3. The popularity of the Zapatistas – a rural, peasant movement – was reaching ever new heights among activists in Europe and North America.

4. The movement’s World Forum repeatedly took place in Porto Alegre, Brazil, a country where a radical peasant movement – the Movimento Sem Terra – was active and widespread.

Although it was inspiring and effective, the metaphor was a misrepresentation. There was no real siege going on, as you can’t besiege a power that’s everywhere and whose main manifestation is a constant flow of electrons from stock exchange to stock exchange. That misrepresentation would prove fatal in Genoa. We were mistaking the power’s formal ceremonies for the power itself. We were making the same mistake Müntzer and the German peasants had made. We had chosen one battleground and a supposed field-day. We were all heading to Frankenhausen.”
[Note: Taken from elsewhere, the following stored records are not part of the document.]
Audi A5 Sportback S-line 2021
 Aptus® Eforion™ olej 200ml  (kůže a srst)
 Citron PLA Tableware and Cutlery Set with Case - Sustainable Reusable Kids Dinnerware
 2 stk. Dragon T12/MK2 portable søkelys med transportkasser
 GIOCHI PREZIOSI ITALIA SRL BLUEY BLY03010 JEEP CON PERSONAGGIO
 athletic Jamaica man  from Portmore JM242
(Frankenhausen is a reference to a battle in 1525 when government forces brutally crushed a German peasant uprising.)

Wu Ming describe how a social movement created an image without planning to do so, an image of global elites living in castles and of the people of the world besieging those castles. The metaphor had a powerful mobilizing effect. At the same time, the movement got tangled up in the metaphor’s web. No one person or group made the image, and no one could unmake it or steer it. Even noticing the metaphor clearly – understanding that it was a metaphor, rather than reality – was difficult at the time. The siege metaphor was tied in with other practices beyond vocabulary and imagery, of course. The siege metaphor was part of the over-all inertia of social movements at the time. Their structure of feeling was dynamic and energetic in a way that gave social movements forward momentum. (People who were around in that era might remember the slogan “we are winning!”) Momentum makes it hard to steer, though. Their momentum, including the siege metaphor, carried the movements forward into the Genoa protests, which Wu Ming describe as a terrible defeat which they weren’t prepared, on which they should have been, and could have been if activists had been paying more attention.
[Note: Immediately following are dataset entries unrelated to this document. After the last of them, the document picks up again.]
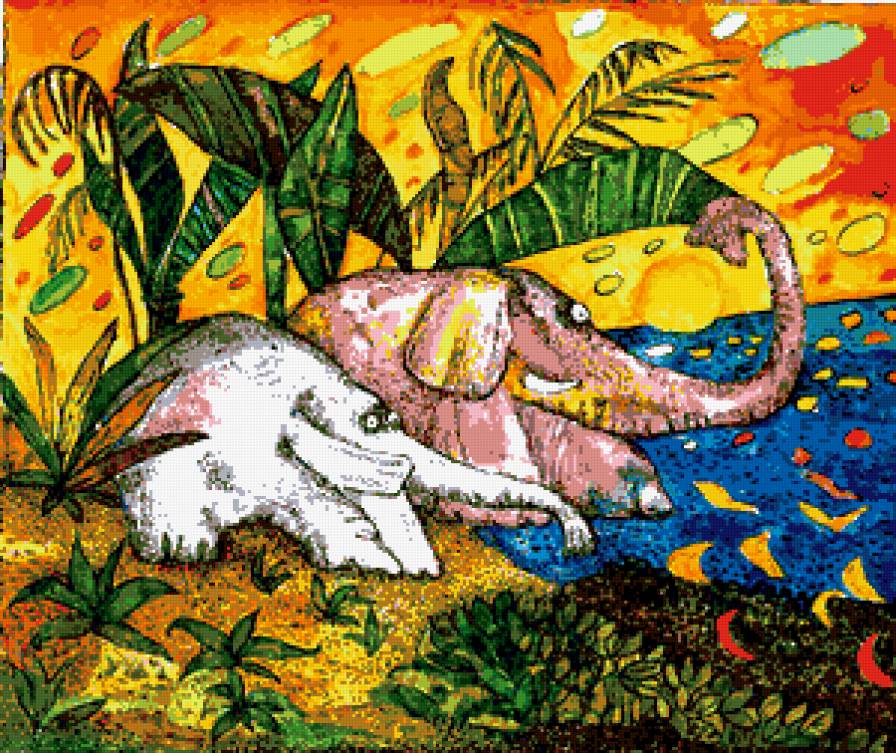 слоники - предпросмотр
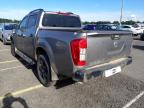 2020 NISSAN NAVARA DOUBLE CAB PICK UP N-GUARD 2.3DCI 190 TT 4WD AUTO for sale at Copart SANDTOFT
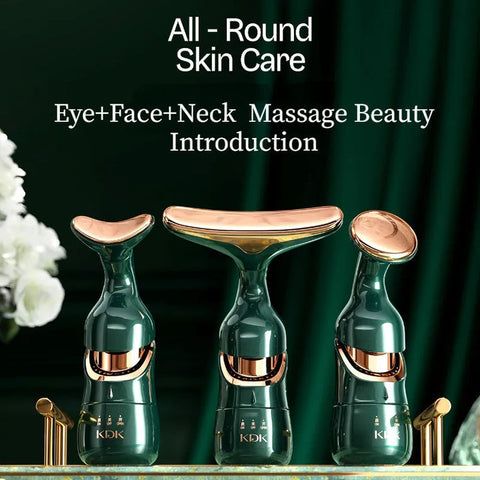 3in1 4D Facial Massager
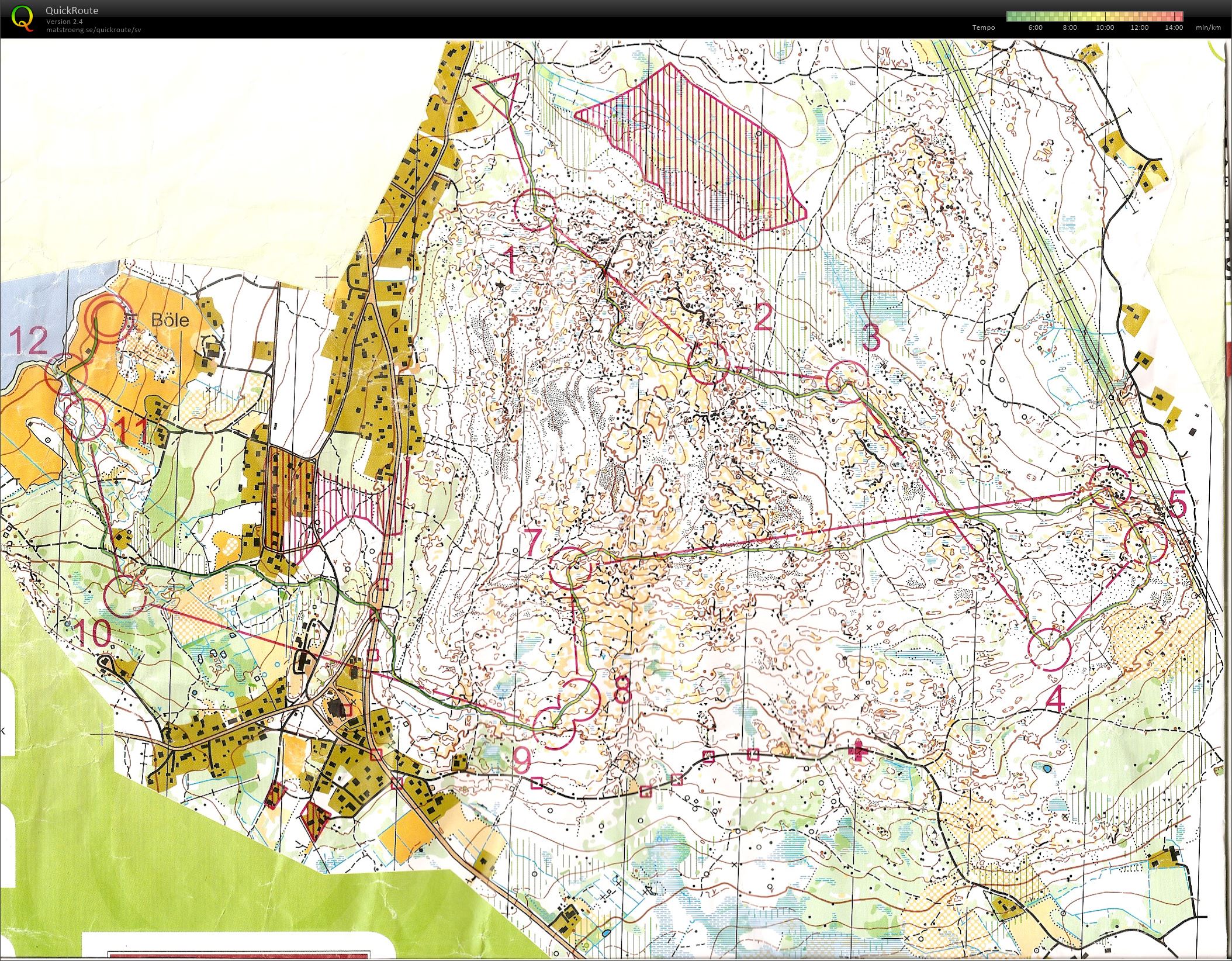 O-Ringen E3 (2011-07-27)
Just as the Italian left in the first part of 2001 got caught up in metaphor of storming the castle, the American right is caught up in the metaphor of armed revolution. Just as the siege metaphor was useful for the left, the armed revolution metaphor is powerful and useful now for the right. The imagery makes the present make sense to people. The imagery draws moral lines. It places the believers on side of the good guys who have been wronged. The good guys, in true Hollywood fashion, Just…Can’t… Take it… Anymore. The good guys are up against some bad guys who can be beaten, and who deserve to be beaten, and who have terrible, terrible plans in store if they are not beaten… These metaphors feel really good, even intoxicating. They help mobilize and energize people. Like the Italian social movements of 2000 and 2001, the US right is dynamic and energetic, with forward momentum.